I was puzzled, and she explained that not only most relationships were quite in the open, having no restrictions whatsoever, but that once a couple get married they would publish proudly, if authorized "they met at the company!".The only relationships not in the open are those of married couples, but not married to each other. "Married after meeting inside the company" is a common phrase in exec speech, with pride! Oh, and they offer generous benefits for parents of small children.

I have heard of companies who strongly oppose romantic relationships in the office, offense potentially punishable by dismissals. Fortunately I've never worked one, as I'd find it totalitarian, but that's personal taste and I can understand some reasons behind it, just don't agree with them.

Other companies are quite neutral, don't really worry about such issues unless they involve concrete ethical cases. It might be frowned upon by the management, but it is tolerated if it's discreet and is perceived as fairly harmless.

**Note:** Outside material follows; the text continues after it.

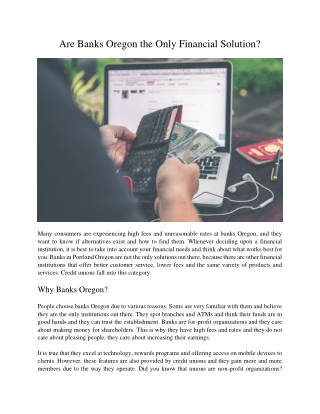 Are Banks Oregon the Only Financial Solution?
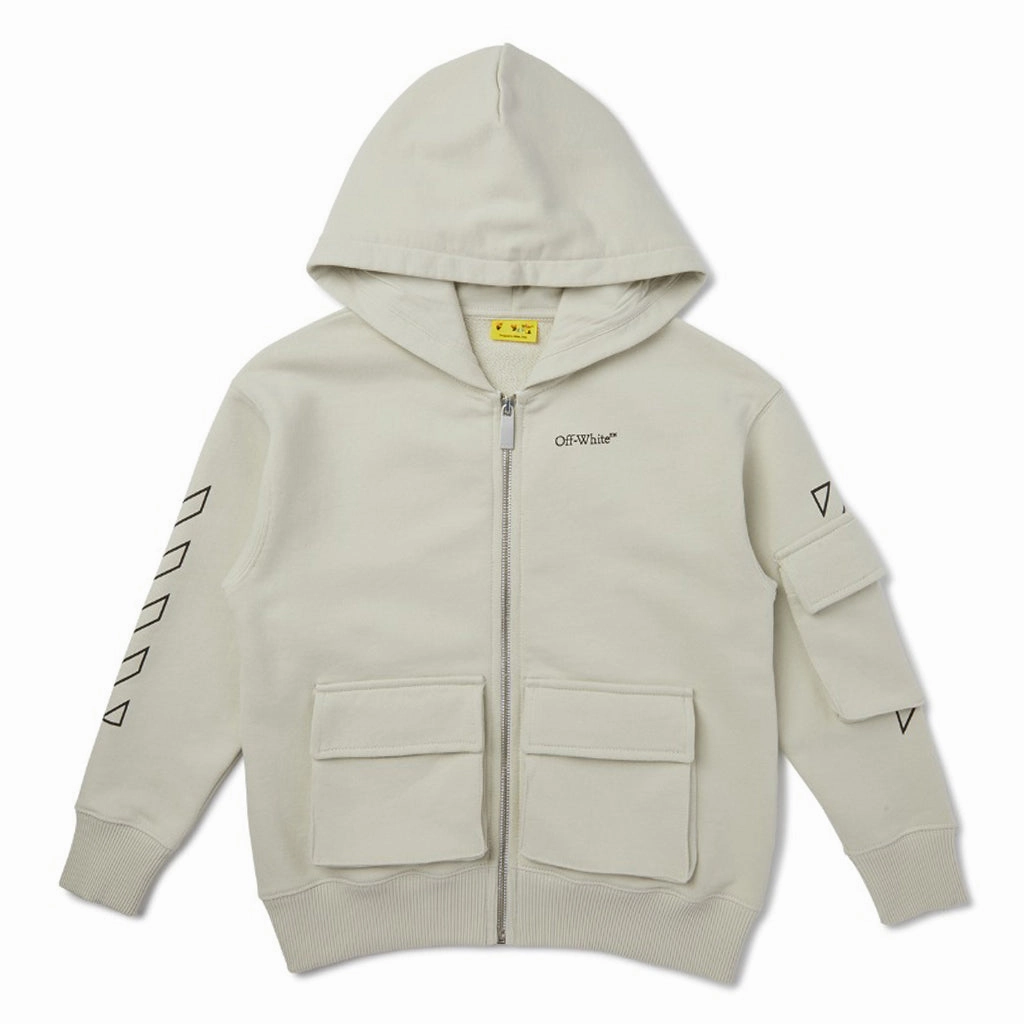 Off-White Kids Bookish Diag Hoodie Zip Up Temperature Regulating Fibers Professional Cut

But encouraging, that's the first time I hear of it. The only advantage I see thus far is that relationships in the open are obvious, whereas "underground" relationships might generate ethical issues - such as unwarranted promotions - that are harder to detect or impede. If it's out in the open, for employers there's the upside of not having to hide an aspect of your life, and for employees it has the advantage of more honest relations and fewer worries about unknown connections and hidden personal interests in matters.

Has anyone heard of such practice? What are the other upsides and downsides I'm failing to see?
 
Has anyone heard of such practice? What are the other upsides and downsides I'm failing to see?

I've seen it in a few smaller-scale companies, and in academia. Done properly, it definitely enhances employee morale, and also make it easier for people to put in long hours at the office, thus enhancing productivity in several ways.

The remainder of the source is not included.